胃腸炎で学校を休んだら親が離婚した
本当の父の記憶はほとんどない。
占い師にも「あんたは父親との縁が全くない」と言い切られたくらいには、父親という存在が縁遠いものだった。
だからここで書くのは、私の二人目のお父さんの話。
ただ、母の再婚相手というだけで父と呼ぶにはあまりにも思い入れがないので、ここでは「その男」と呼ばせてもらう。
その男は、どこかの会社の社長さんだった。
母との再婚と同時に家を建てて、新婚旅行は私と姉を連れてハワイに行ってくれた。
だから多分、結構お金を持っていたのだと思う。
ただ二世だとか何とかで、母はその男を「お飾り社長」と揶揄することが度々あった。
その意味は分からないけど、母はあまりその男のことが好きではないのかなと幼心に思っていた。
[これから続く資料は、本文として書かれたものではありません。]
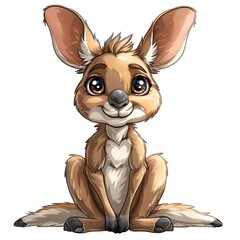 Cheerful Kangaroo PNG – Cute and Bouncy Cartoon Style for Stickers and Prints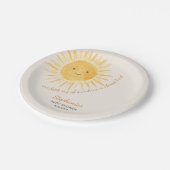 Sonnenschein-Babydusche Pappteller (Schrägansicht)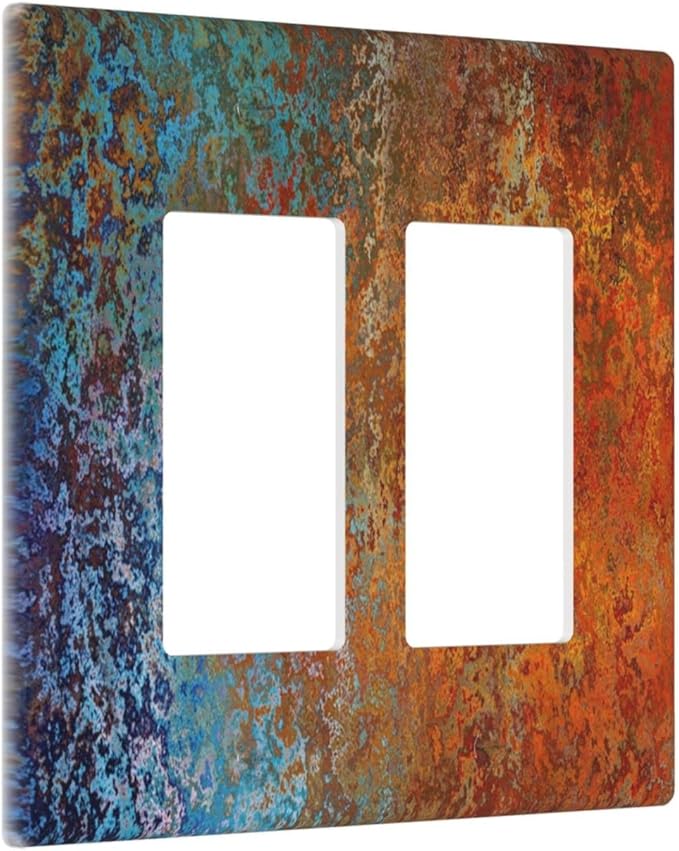 Decorative Switch Plate Covers Vintage Copper Rust 2 Gang Double Rocker Decora Light Switch Cover Red Celestial Blue Flatprint Dual Outlet Wall Plate Electrical Faceplate GFCI for Room Decor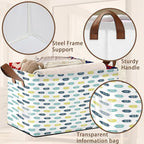 Cute Fish Storage Basket Large 17x11.5x10.5 Inches - Collapsible Fabric Organizer Bin with Handles for Kids Room,Laundry,Toys - Foldable Decorative Hamper with Cartoon Fish Design - Single Pack
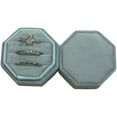 thumbnail image 2 of Velvet Treasures Engagement Ring Box - Vintage 3 Slot Octagon Jewelry Box for Wedding Ceremony, Display & Storage, Pale Blue, 2 of 4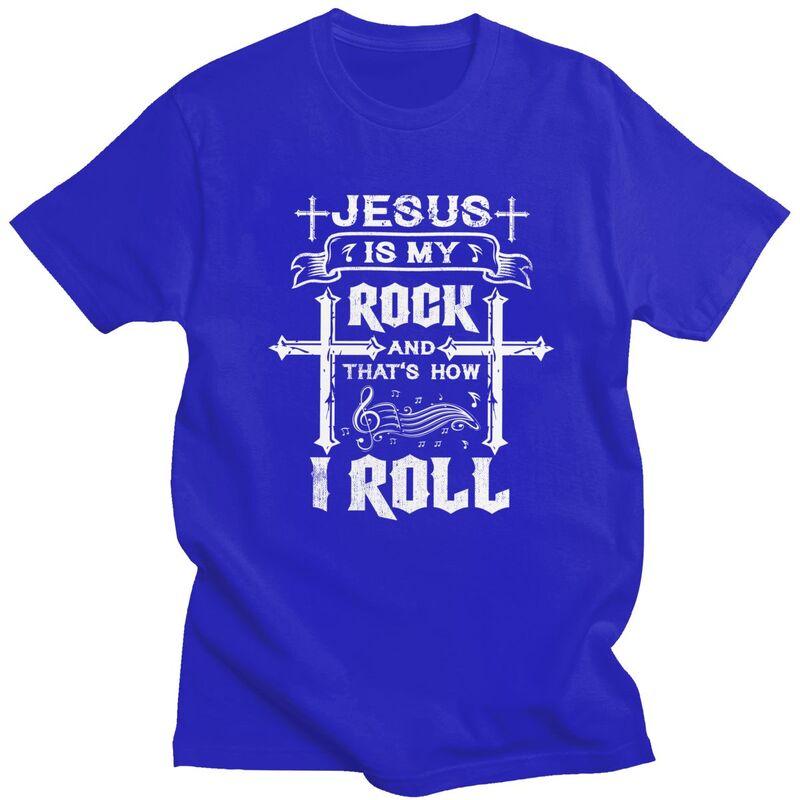 Custom Jesus Is My Rock And Roll Tshirt for Men Short Sleeve Casual T Shirt Cool Tshirt Pure Cotton Tee Gift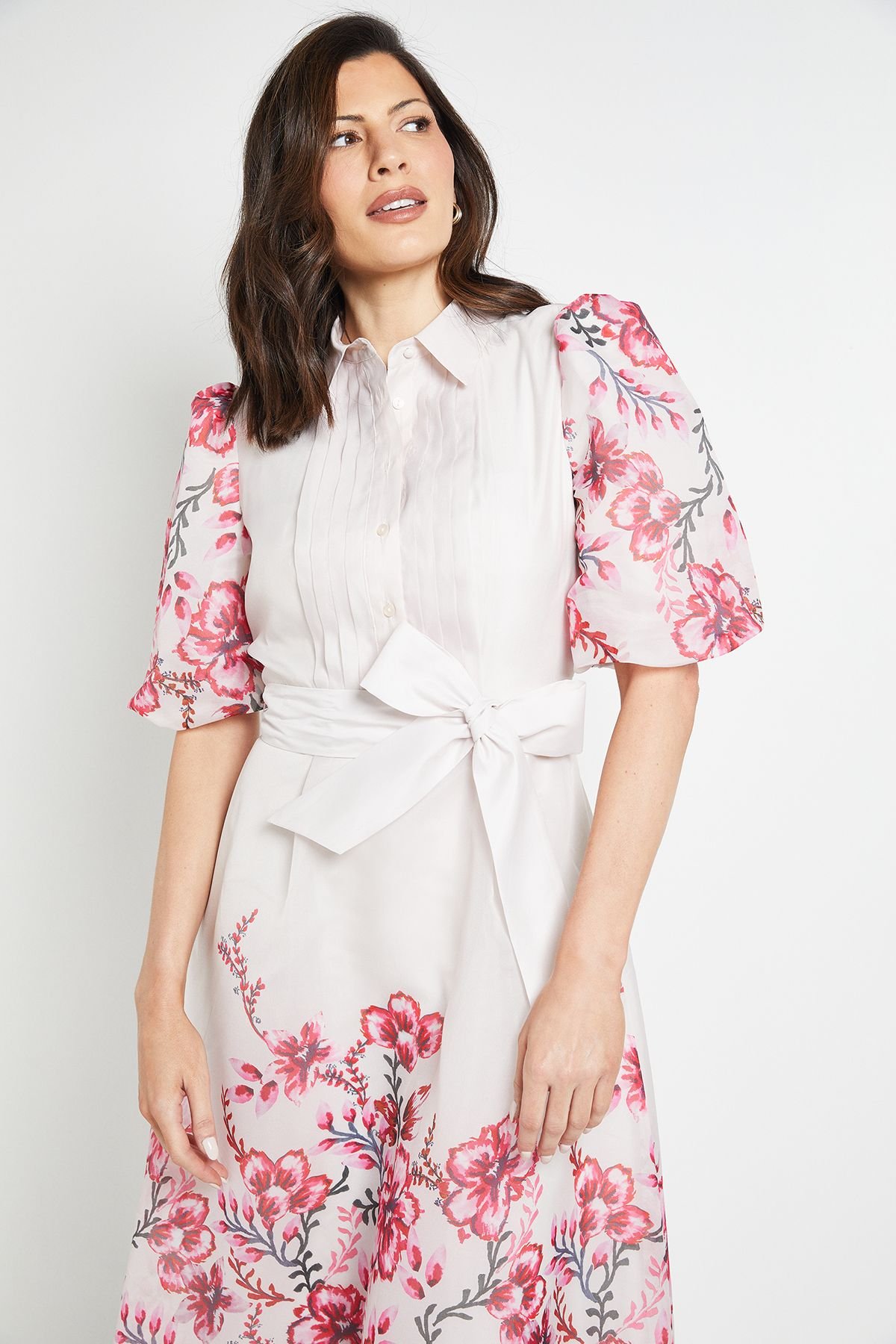 Wallis Wallis Women's Floral Organza Pintuck Midi Shirt Dress in Ivory - 4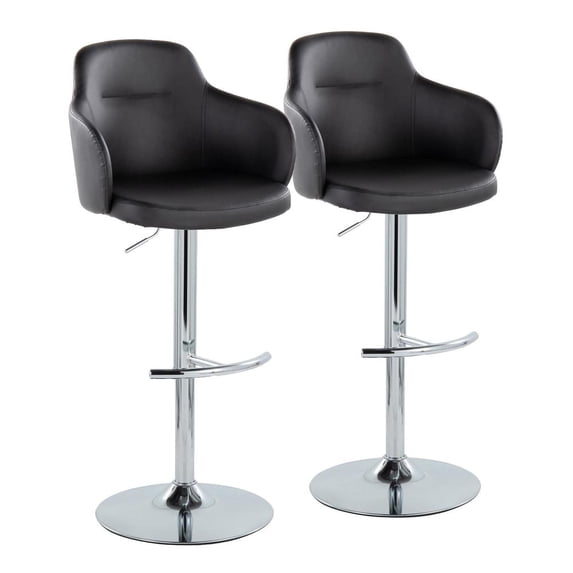 LumiSource Chrome Metal, Black PU Boyne Adjustable Barstool - Set of 2
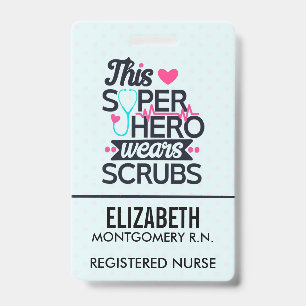 Badge Super infirmière super-héroïne disant Typographie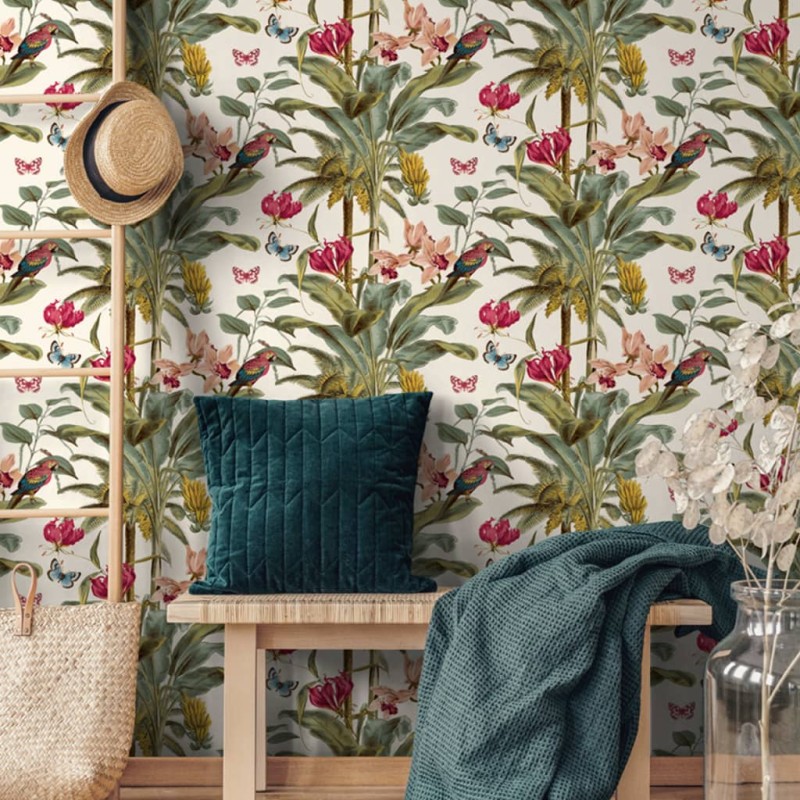 DUTCH WALLCOVERINGS Papel pintado palmeras tropicales verde y rosa DUTCH WALLCOVERINGS Papel pintado palmeras tropicales verde y rosa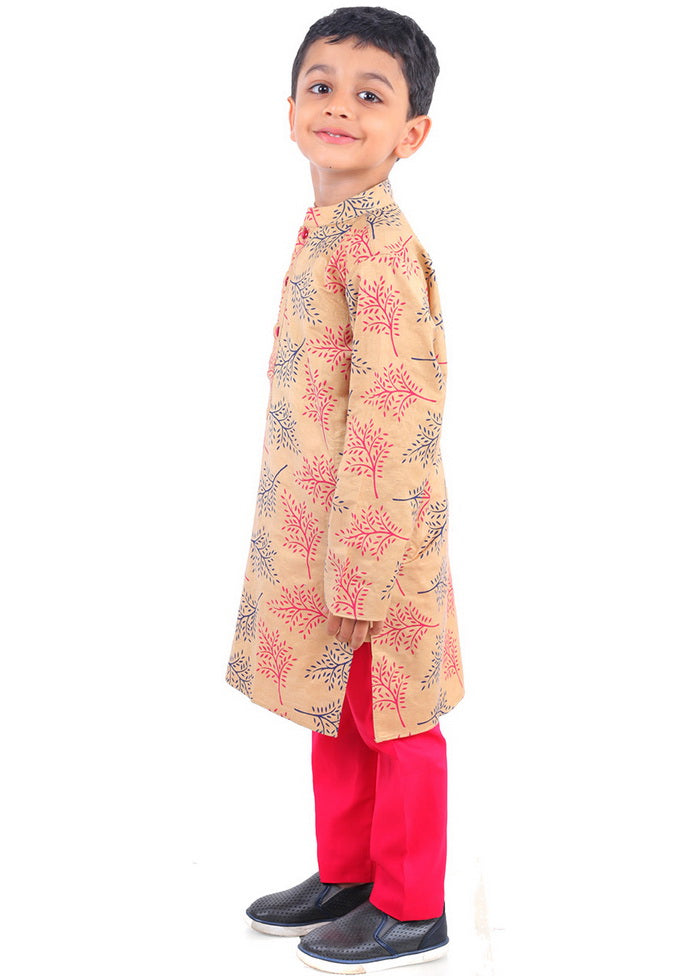 Beige Digital Print Benarasi Silk Kurta Pyjama Set - Indian Silk House Agencies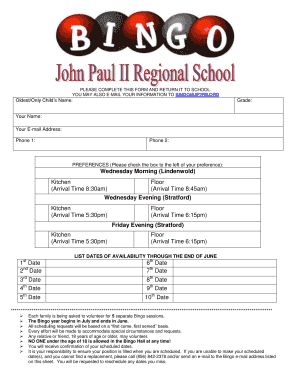 John Paul II Bingo-Sign-Up-Form - jp2rs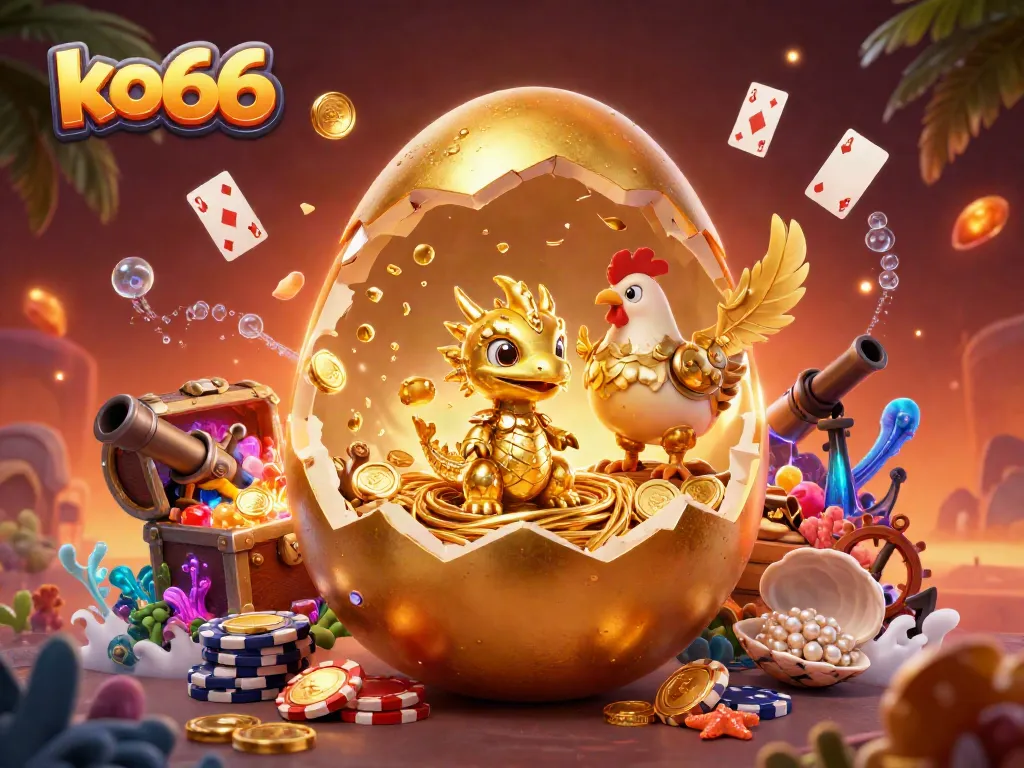 Experience thrilling wins at KO66 with a golden dragon guarding poker chips amidst vibrant casino elements.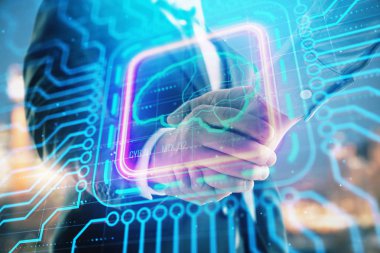 El sıkışma ile şehir görünümü arka plan çizim insan beyninin çift pozlama. Beyin fırtınası kavramı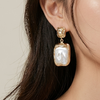Gold Pearl Square Drop Earrings (Anti-Tarnish)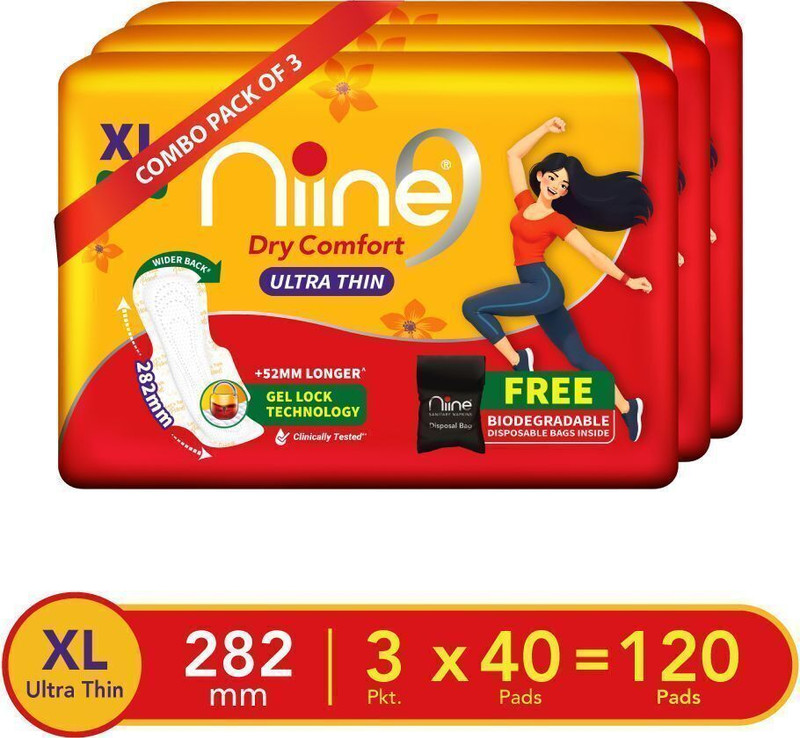niine Dry Comfort Ultra Thin XL | Fluid Lock Gel Technology & Disposable Bags Inside Sanitary Pad(Pack of 40)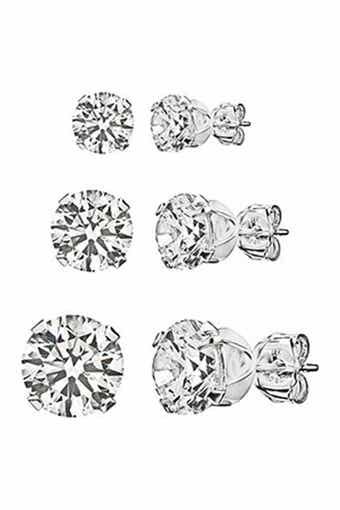 BEST SILVER Sterling Silver Round-Cut CZ Stud Earring Set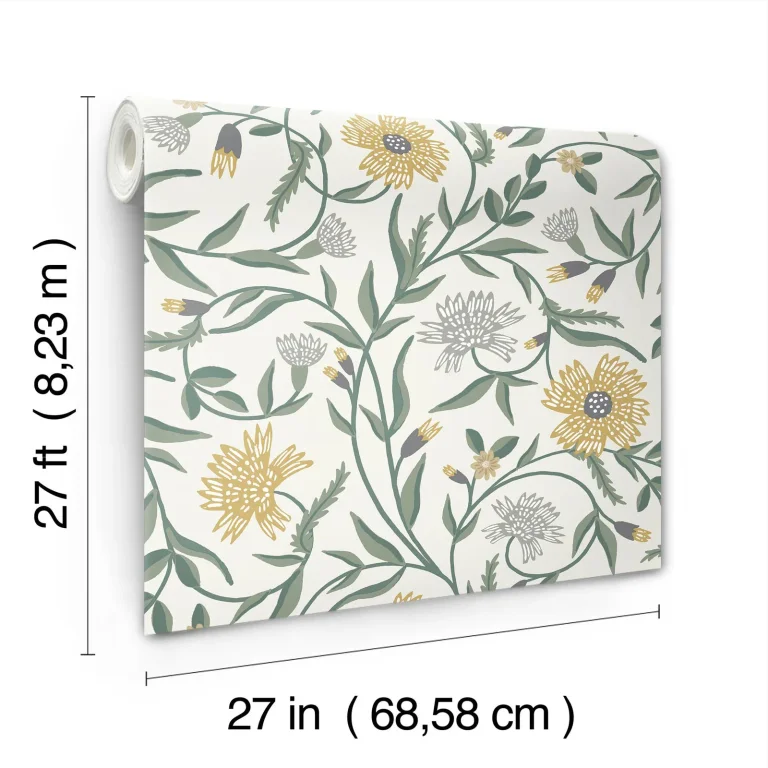 Rifle Paper Co. Aster Wallpaper - Linen & Gold — Ảnh 6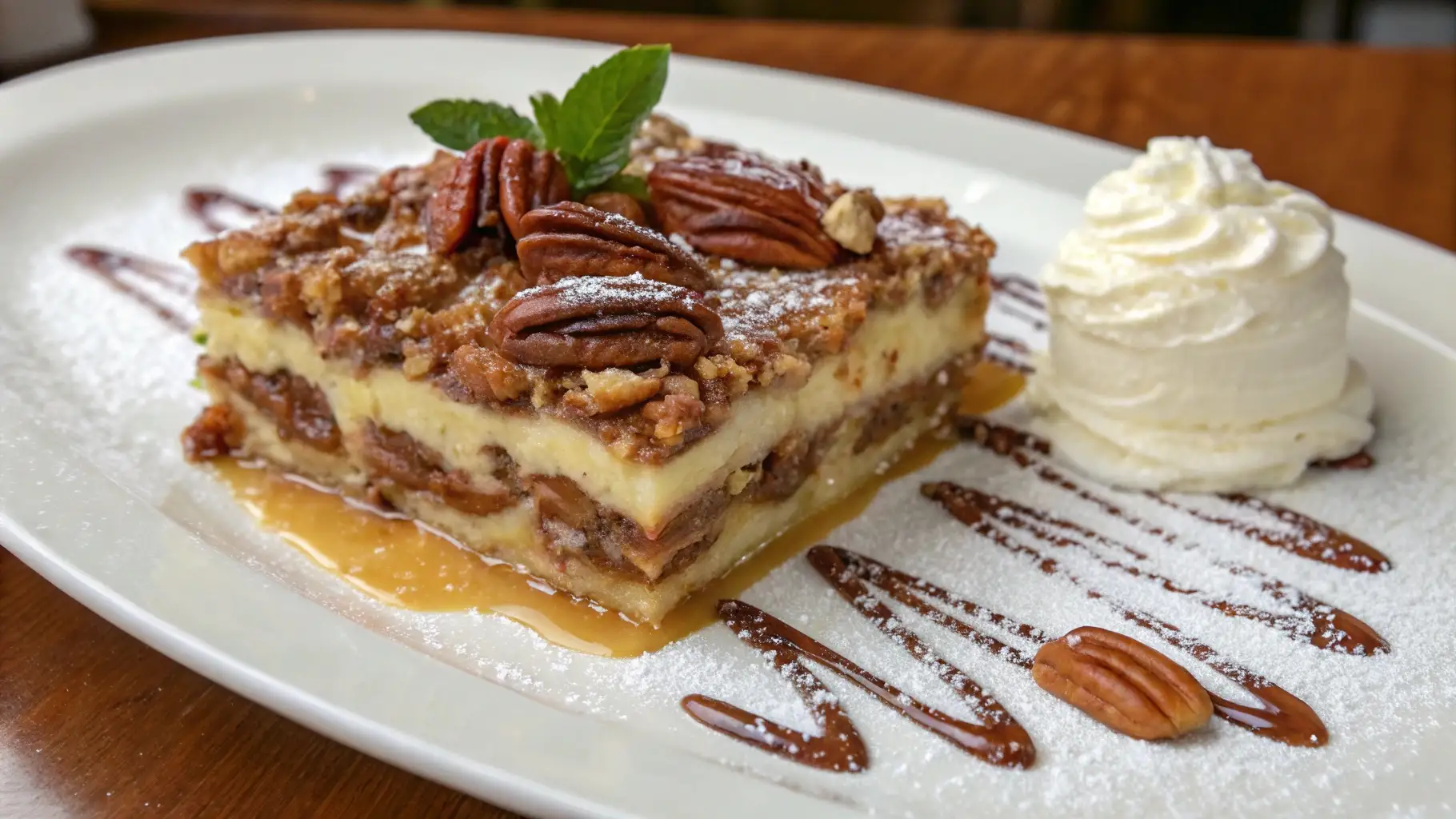 A slice of Pecan Pie Lasagna topped with whole pecans, a dusting of powdered sugar, and a dollop of whipped cream, served on a white plate with caramel and chocolate drizzle.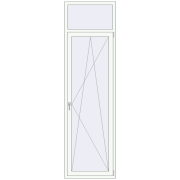 BALCONY DOOR REHAU EURO 70 800x2750 mm RAL 9016 Traffic white two-sided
そんな日々が続いて1年だか2年だかが経った頃、私は胃腸炎で小学校を休んだ。
仕事を休んで家にいてくれた母は、お昼ご飯にたまごうどんを作ってくれた。
くたくたに煮込まれた柔いうどんは、荒んだ胃に温かく沁みる。私は大好きな母のうどんが食べられたのが嬉しくて、今日は休めて良かったなぁと呑気に思っていた。
そんな折、ガチャっと鍵の開く音が聞こえた。
そしてドアが開き、チェーンに引っかかってドアが開き切らない音も続いた。
ピンポーン。
インターホンが鳴る。
「チッ、何時やと思ってんねん」
舌打ちをした母がインターホンに応答した。
その男は、どうやら「昨晩の飲み会からそのまま友人の家に泊まっていた」というようなことを言っているらしい。
しかし、今は昼。
朝帰りにしては遅すぎるし、二日酔いで会社を休んでいるにしては堂々と帰ってきすぎている。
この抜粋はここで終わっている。